▶ _PROVIDED DATA_:
↓↓↓

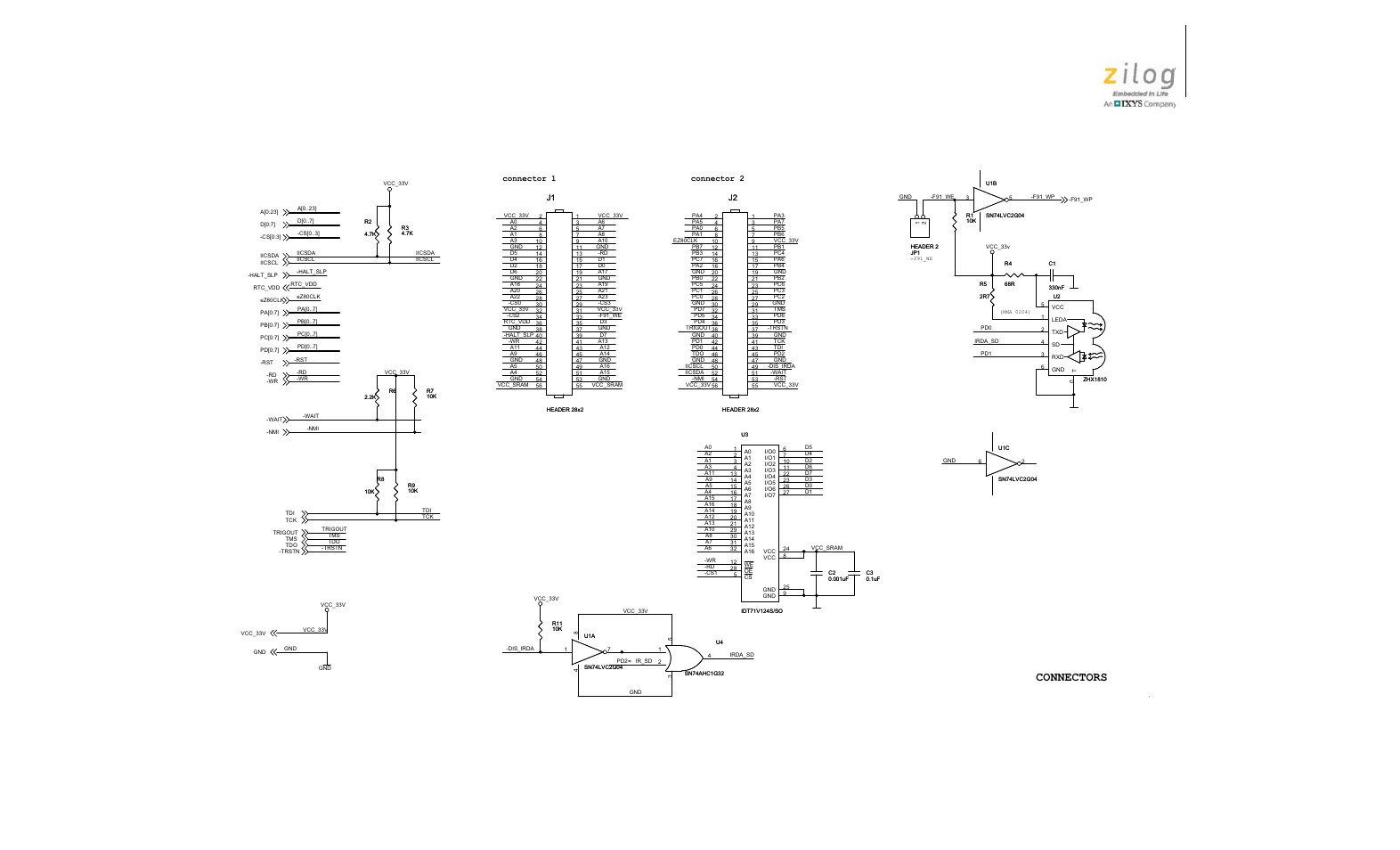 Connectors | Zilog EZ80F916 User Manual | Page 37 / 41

↑↑↑
↓↓↓

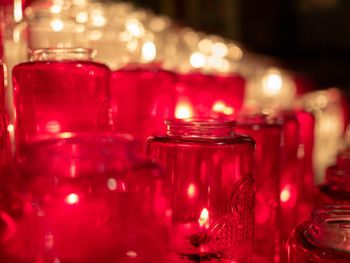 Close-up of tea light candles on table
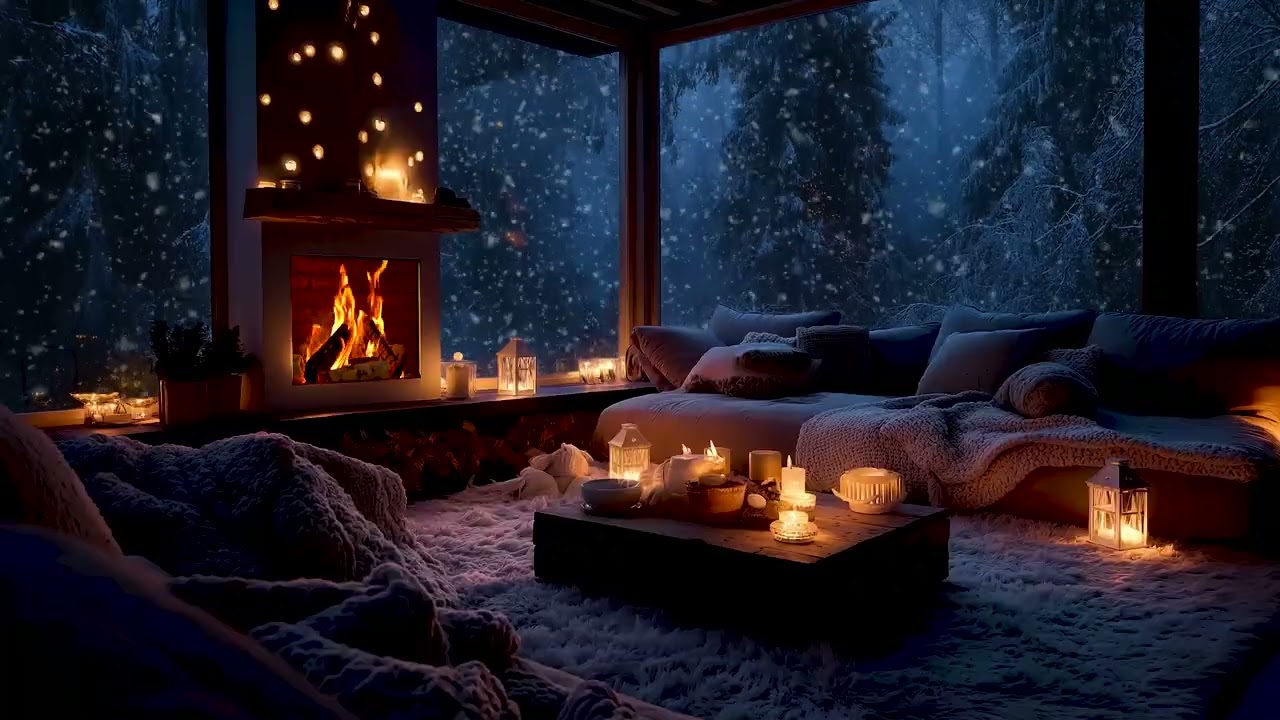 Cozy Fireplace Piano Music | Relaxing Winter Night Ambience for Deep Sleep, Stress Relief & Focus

↑↑↑
↓↓↓

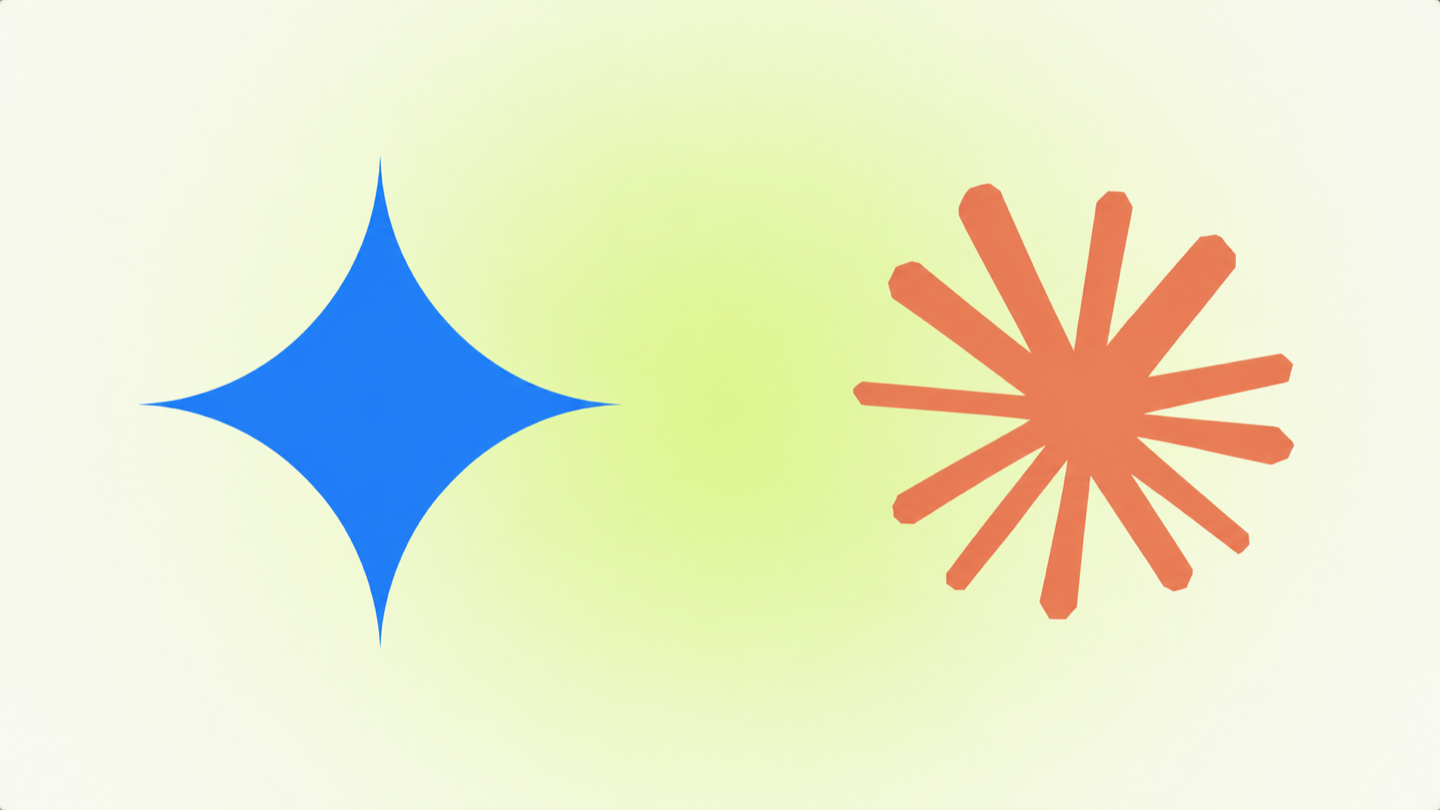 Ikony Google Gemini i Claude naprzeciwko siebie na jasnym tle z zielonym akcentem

↑↑↑

▶ _EXERCISE_: With the pictures omitted, print the lines above exactly, beginning at the line with "Close-up of tea light candles on table" and going on through the line with "Cozy Fireplace Piano".

▶ _FINAL ANSWER_:
 Close-up of tea light candles on table
 Cozy Fireplace Piano Music | Relaxing Winter Night Ambience for Deep Sleep, Stress Relief & Focus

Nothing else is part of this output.